02 Jul 2022

Limerick TD honours memory of those who died and survived the ‘social in hell’

Limerick TD honours memory of those who died and survived the ‘social in hell’

Deputy Niall Collins, Christy O’Connor, Peter Kenny, Suzanne Thurlow, Tommy Meaney, Denis Martin, Cllr Brigid Teefy and Eamon O’Riordan pictured at the commemoration

MEN, women and children gathered on Sunday in the Republican plot in Grange to remember the gallant five volunteers from the East Limerick Brigade, who gave their lives in the cause of Irish freedom at Caherguillamore House some 98 years ago – December 27, 1920.

Deputy Niall Collins said he was “honoured” to give the oration at the annual commemoration.

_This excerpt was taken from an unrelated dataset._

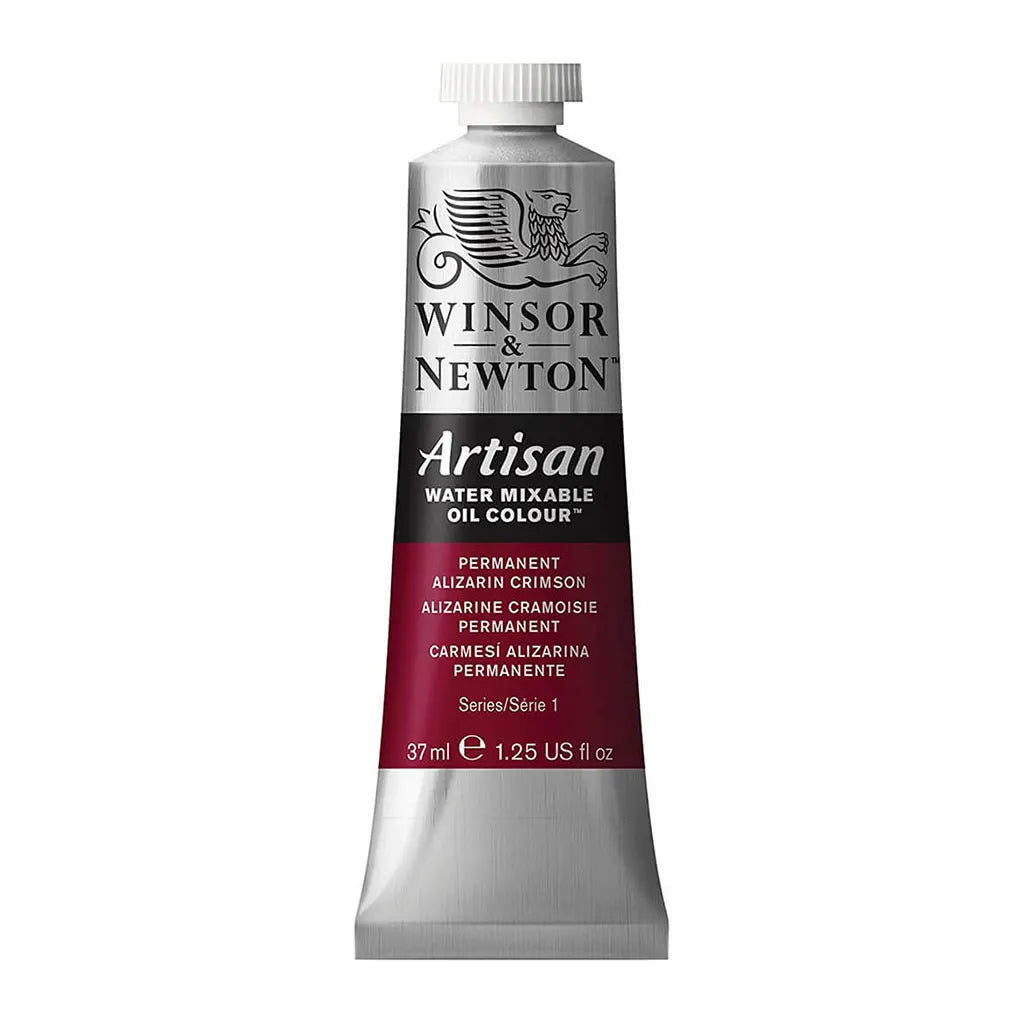 Winsor & Newton Artisan Mixable Oil Color 37ml Permanent Alizarin Crimson S1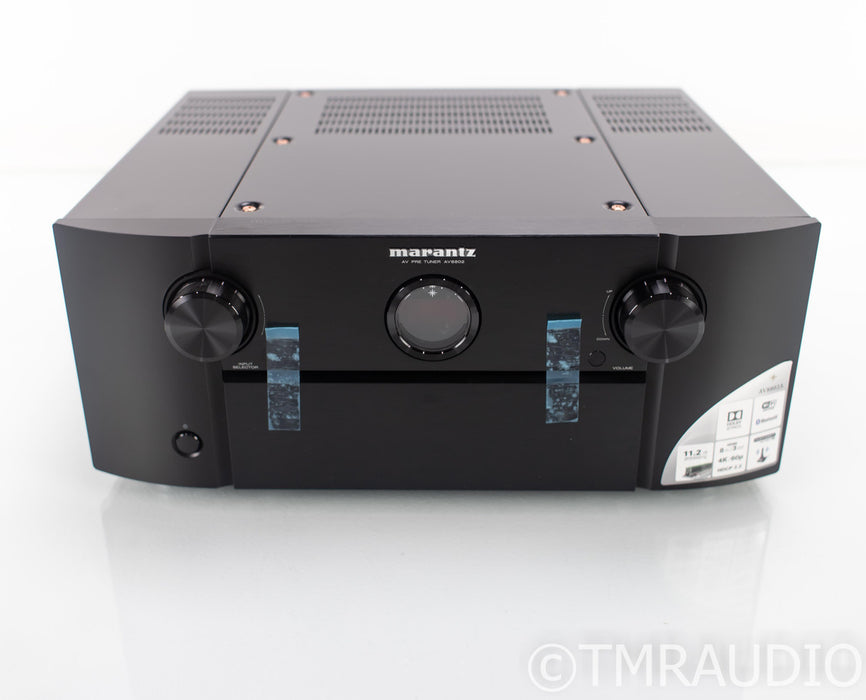 Marantz AV8802A 11.2 Channel Home Theater Processor; Preamplifier; AV-8802A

He quoted the late President of Ireland, Sean T O’Ceallaigh who said, “County Limerick has set an all-Ireland lead in discharging its duty to our patriot dead” when he unveiled the old IRA memorial in Newcastle West on Easter Sunday in 1951.

“The Sean Wall Restoration Company has been to the forefront in that regard. So may the names and sacrifices of those gallant men so brutally slain at the Caherguillamore House ambush that December 1920 night long be remembered,” said Deputy Collins, who read out the names.

They were, Martin Conway, vice commandant of East Limerick Brigade; Daniel Sheehan, Caherguillamore; Harry Wade, Cahernorry; John Quinlan, Grange Lower and Ned Moloney, Grange.

“We join with you in recalling with pride your noble forebears who gave their all for the freedom we enjoy today. To the descendants of all the 250 men and women who congregated at Caherguillamore House on that eventful night may I say you also have every reason to remember them with pride. They rallied to the cause. They congregated at Caherguillamore House to raise funds for the East Limerick Brigade.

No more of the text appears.